'Abortion Doulas' Article Reveals Horrors, Reality of Abortion Procedure
A lengthy article in The Washington Post highlighted "abortion doulas," those who comfort women during abortions. Pro-life advocates say the story severely undercuts the pro-choice message that an abortion is no different than any other procedure.
The article, "The long five minutes: Abortion doulas bring comfort during a complicated time," explains how doulas — women normally trained to assist and support a pregnant woman through her delivery — are needed for a much shorter, yet still emotionally agonizing procedure.
Traditional doulas are not medical professionals but are solely focused on the emotional well-being of the mother in a room full of doctors and nurses facilitating the birthing process.
Abortion doulas conduct themselves in a similar fashion, and are taught to be nonjudgmental in every way regarding the range of emotional responses and experiences of the women undergoing the abortion as "normal." The article tells of the training process that a volunteer-based collective called D.C. Doulas for Choice does so that the trainees can one day hold the hands of women during an abortion.
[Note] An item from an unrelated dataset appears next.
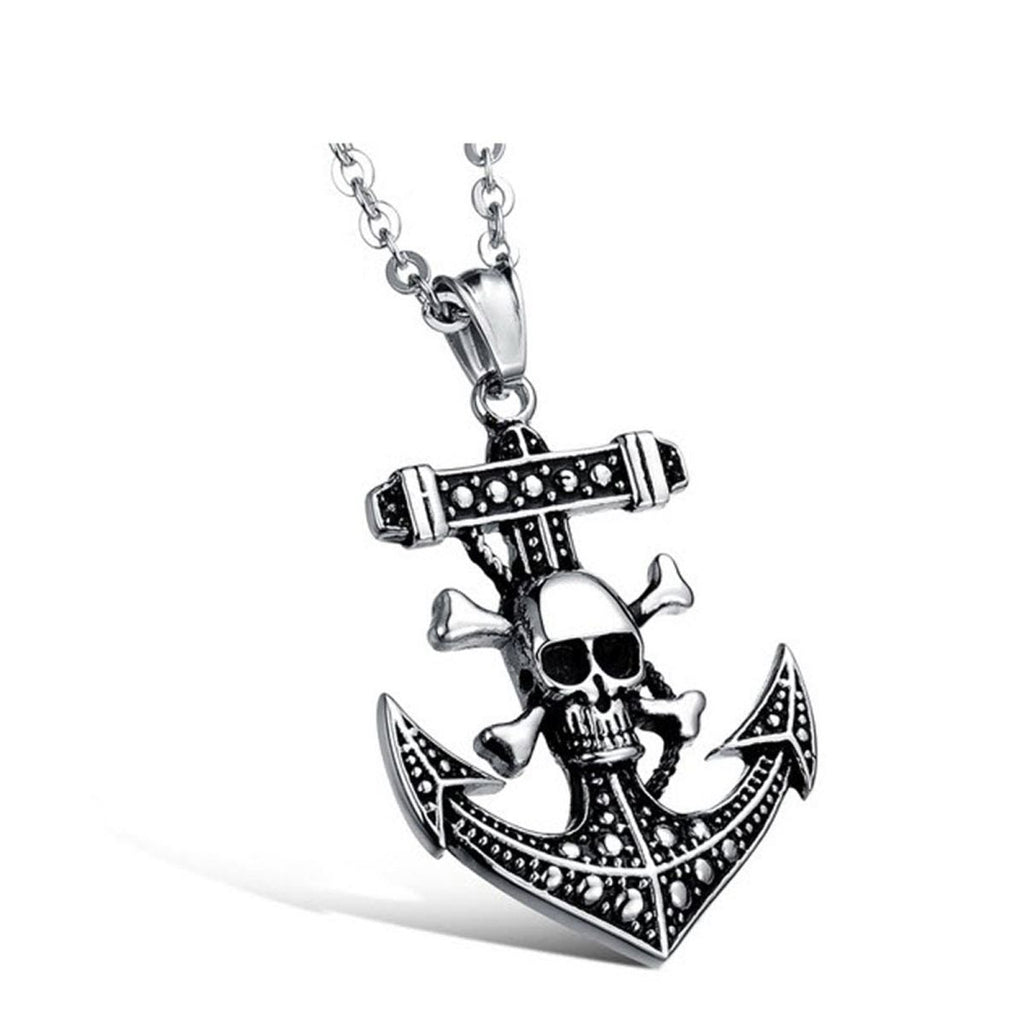 Vintage Marine Anchor Skull Pirate Stainless Steel Pendant Chain Bulk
Mentioned in the article is a grisly description of what it is like inside an abortion clinic, recounting one particular occasion where the "sound of the doctor's medical vacuum was about as loud as a Dustbuster" and blood was seen in a nearby tube. It notes how quickly the doctor worked. Some women's anguish is expressed palpably.
"Much like the pro-abortion episode of the TV program Scandal — which the abortion lobby loved even though it portrayed abortion as a lonely, desperate lack of choice — this article actually lets many of the horrific elements of abortion slip through," said Mallory Quigley, communications director for the Susan B. Anthony List, a political action committee that works to elect pro-life women to Congress.
"Advocates of abortion sometimes describe the procedure as having no more significance than a tonsillectomy or tooth extraction. If that were true, it wouldn't make any sense to be so distraught," she told CP. "Why would 'abortion doulas' be needed in the first place?"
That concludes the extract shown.